Technical Notes On DVD-Video

by Billy Biggs

I got a dxr2+drive in Christmas 1999, but I didn't start seriously hacking with DVDs until about March 2001. I first attempted a recompressor, and when that was going poorly, I began to convert my code into a player. I learned alot from #livid on freenode.net. If you want to talk about DVDs, I'm likely there.

My graphics page is at www.scanline.ca and my home page is at www.billybiggs.com.

I gave a talk on the linux DVD development scene, as well as a brief introduction to DVD-Video. The slides for the talk are available online.

DVD subtitles

I finally added subtitle compositing to movietime and learned a few things. For more information on DVD subtitles, visit sam's subtitle page.

A brief overview of DVD subtitles

Subpictures are encoded as 4 colour images, each colour having a 4 bit alpha value. The 4 colours are chosen from a 16 colour palette of Y'CbCr values. This does not leave much room for artistic design. Subpictures are primarily used for menu buttons and subtitles.

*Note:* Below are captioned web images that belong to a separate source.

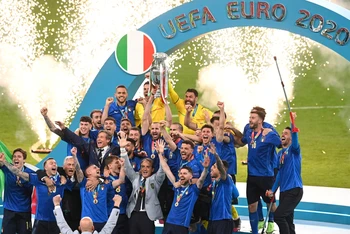 Italia đăng quang ngôi vô địch EURO lần thứ 2 trong lịch sử sau 53 năm chờ đợi. (Ảnh: UEFA)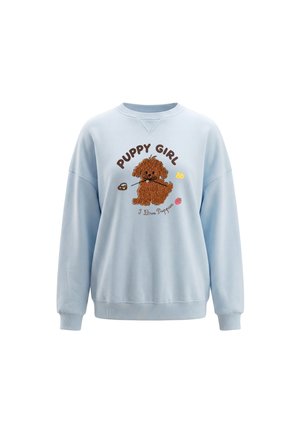 Lyseblå sweatshirt med illustration af en brun fluffy hvalp og tekst "Puppy Girl" og "I Love Puppies" på fronten.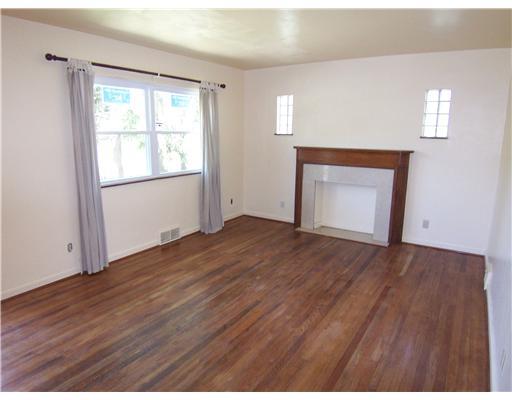 147 Inwood Road Pittsburgh, PA 15237 - Photo 6 of 18 Living Room.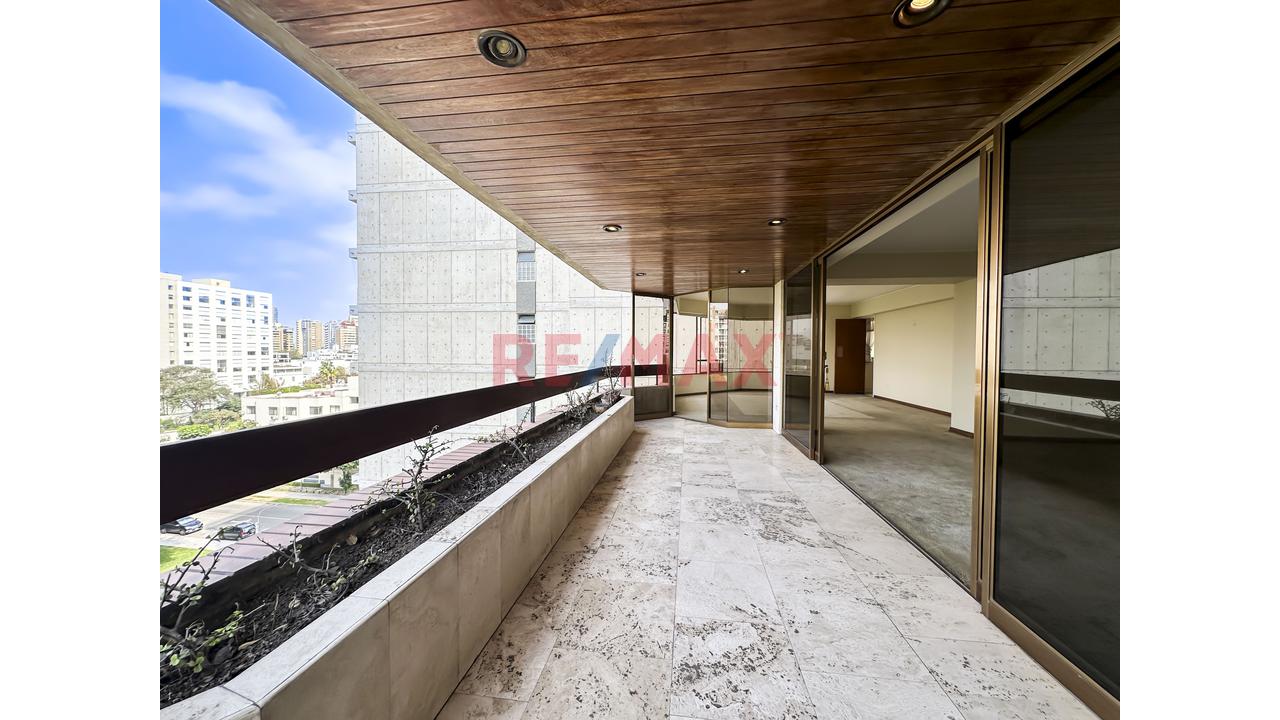 Departamento Flat En La Mejor Zona De San Isidro - 15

A typical subpicture allocates colours similar to this example from Ghostbusters (1984) (the one at the bottom):

ID Description Alpha Y' Cb Cr R'G'B' equivalent
1 Transparent 0 204 127 128 (transparent)
2 Foreground 15 160 44 141
3 Outline 15 35 128 128
4 Not Used 15 76 92 133

Some example subtitles from the Canadian DVD release of Lola Rennt (1998) (Columbia Tristar Home Video).
These subtitles make no use of alpha, and use only three of the colours (transparent, opaque black, and opaque ugly). No attempt was made to antialias. These look alot better on a TV, and I'm not sure why yet (is my subtitle decoding code busted?).
DVD subtitles can be presented with different pixel aspect ratios. An annoying example is in Run Lola Run, where we have anamorphic video but no anamorphic subtitles. For me to display them correctly, I'd either have to do software scaling of the DVD video, poor downscaling of the subtitles, or have the hardware do subtitle compositing. Awful.
For reference, the palette used here is transparent black (16, 128, 128), opaque grey (unused: 110, 128, 128), opaque ugly (171, 38, 143), and opaque black (16, 128, 128).
Something about these images says to me that we're not doing something right here. They look much better when I play this DVD on a PS2.

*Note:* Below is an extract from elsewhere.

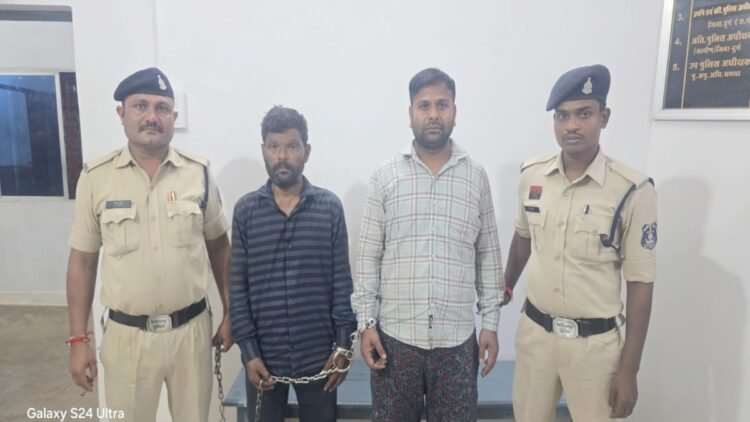 बिना चारा-पानी के 15 मवेशियों को ठूंसकर ले जा रहे थे कत्लखाना, दो गिरफ्तार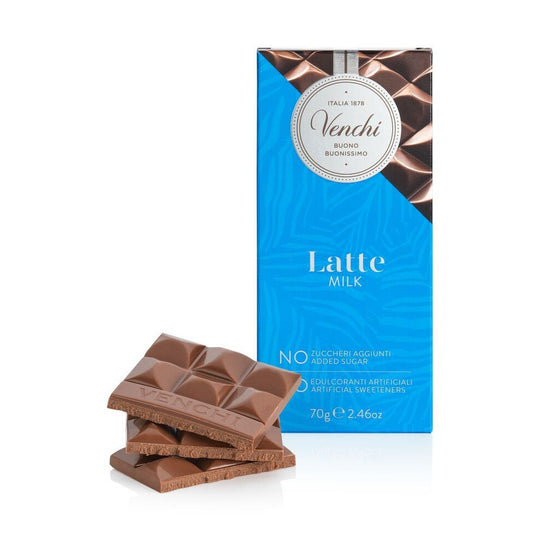 Chokladshopen Venchi mjölkchoklad utan tillsatt socker i blå förpackning med chokladbitar framför.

Here are some more decoded subtitles, these from the Canadian Alliance Atlantis release of Mononoke Hime (1997).
Again, no alpha use at all, and only 3 colours. Oh, and it's my fault that the subtitles extend one pixel too far to the right.

These subpictures from Ghostbusters (1984) have me confused. The DVD uses the subtitle code to have an MST3k-style overlay for their commentary track. What confuses me is the use of alpha.
The top image is a composited image, assuming the alpha has not been premultiplied and assuming a display gama of 2.2. The bottom image is the raw colours from the palette, with fully transparent displayed as pure white.
The grey outline in the bottom picture is the actual colour in the palette. Every instance of grey in the image has an alpha value of 1 out of 15. So, when compositing onto white, we have a 6% grey on 96% white:
Palette Colour Composite -------------------------- R' = 218.907 R' = 253 G' = 219.299 G' = 253 B' = 216.890 B' = 253
This got me worried that maybe we should be treating the colour values as premultiplied. A long discussion with bjorn and hh has convinced me this is not the case. They cite examples where the alpha value changes to fade in an image, which would clearly go against my assumption. However, hh has suspicions that maybe the alpha value given is not linear.

Alpha Blended

Raw Palette

Here is an example of a very clean subtitle from Ghostbusters (1984) which convinced me that my decoding was likely correct. Contrast this to the noise in the subtitle from Run Lola Run.
However, they should probably learn what kerning is. Look at the 'f' and 'ee' in 'feelings'.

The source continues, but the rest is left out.